Cały dzisiejszy dzień, nie poszedł zgodnie z planem. Co ja mówię, już noc była nie taka, spałam byle jak i wstałam zmęczona jak po wykopkach. Jeździłam na wykopki w czasach młodości, więc wiem co mówię. Nie, żebym jakąś leciwą staruszką była, broń Boże. Tylko, że wtedy jeszcze do 04.06.1989 roku, bardzo daleko było. No i wzięłam się z tym trudnym dniem za bary. Sama przed sobą pieścić się przecież nie będę a, że fotonów był ci dzisiaj u nas dostatek, ( bo dzień był słoneczny więc darmowa fototerapia zapewniona ), to i samopoczucie miało szansę się poprawić. Ciężko było bo ciągle "pod górkę". Tylko co z tego, że pod górkę, że ciężko kiedy w środę muszę być gotowa na przyjazd moich. Kiedy w lodówce światło, a w mieszkaniu?, też światło. Sprężyłam się i z samego rana zrobiłam duuże zakupy.
Przy takiej pogodzie chciało mi się też pobuszować w ogródku.
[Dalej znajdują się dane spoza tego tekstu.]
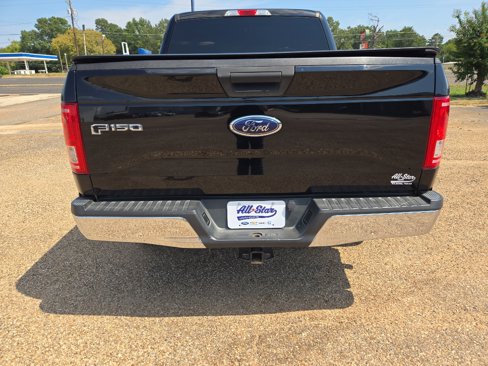 Used 2017 Ford F150 XLT image 4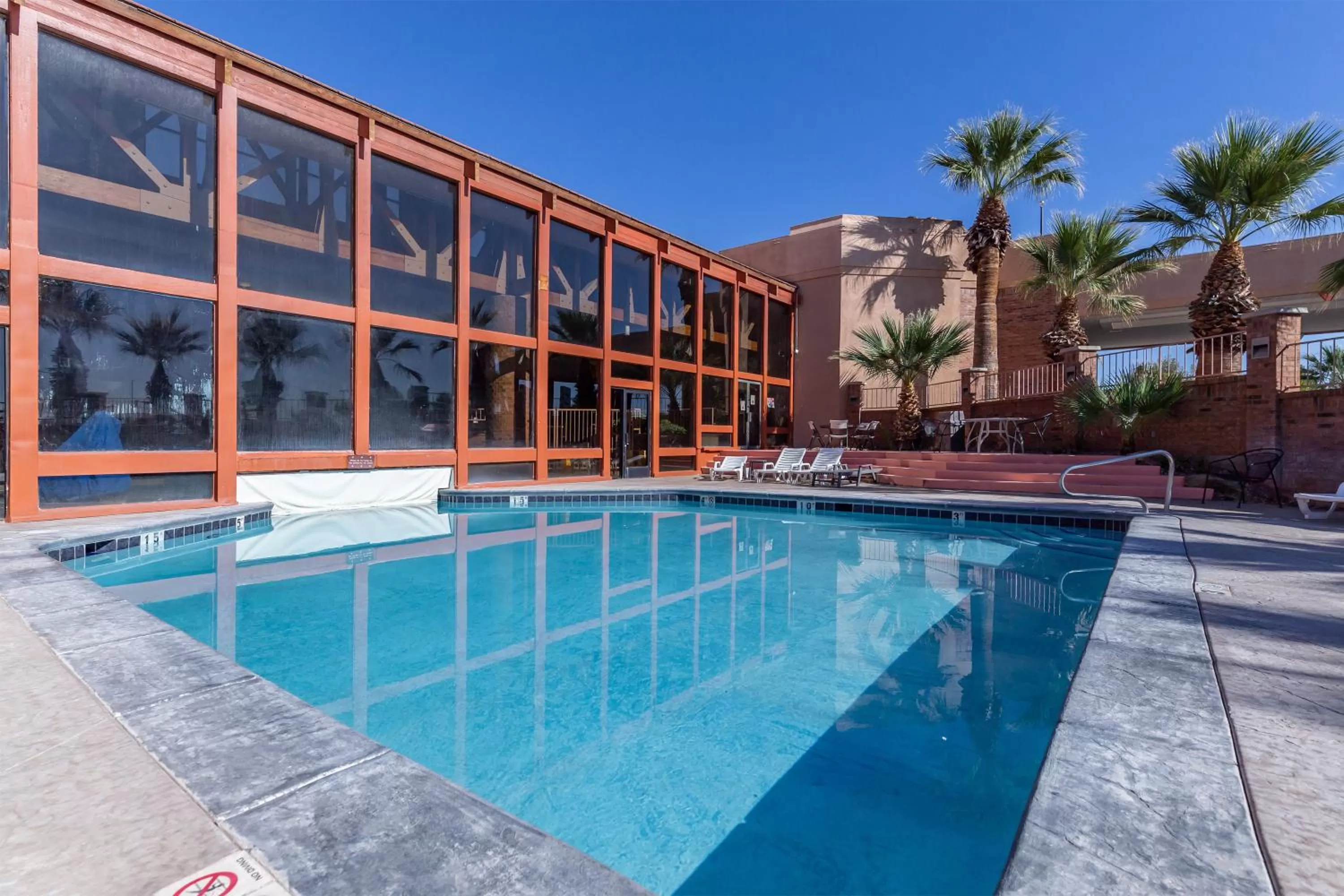 Swimming pool in Red Lion Hotel and Conference Center St. George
Na rabatkach po deszczu gaj się zrobił, myślę ja sobie, ziemia taka mięciutka i przekwitnięte niezabudki trzeba usunąć, piękna robota mogłaby być. Wyszłam na balkon, spojrzałam na swoje hektary i cofnęłam się z powrotem. Nie dałam rady, ale ... ale to było podejście pierwsze. Pozwoliłam klapkom w mózgu przemeblować się i ... było podejście drugie. Tym razem skuteczne. Niezapominajki usunięte i zielepuch trochę również.
Pracowałam, a Kajtek na balkonie prosi i prosi żebym go wzięła do ogródka. Po schodkach sam zejść nie potrafi. Wzięłam chłopczyka, puściłam luzem i pracuję dalej. Kajtek biega, czegoś szuka, do pojnika dla ptaków podbiegł, krzaczki bukszpanu osikał, doniczki obwąchuje a ja pracuję. Kajtek nadal szuka, nagle szum , dziki pęd i szczek mojego pieska dobiegający gdzieś z osiedla. Co wyczaił i co pogonił nie mam pojęcia. Wrócił uspokojony i bardzo z siebie zadowolony, mój niskopienny pies myśliwski. Naturalnie, natychmiast dostał opieprz od pańci, za taką samowolkę. Nie wiem co z tego zrozumiał, ale kajał się i przepraszał . Rozwala mnie takim zachowaniem, mój kochany maluszek.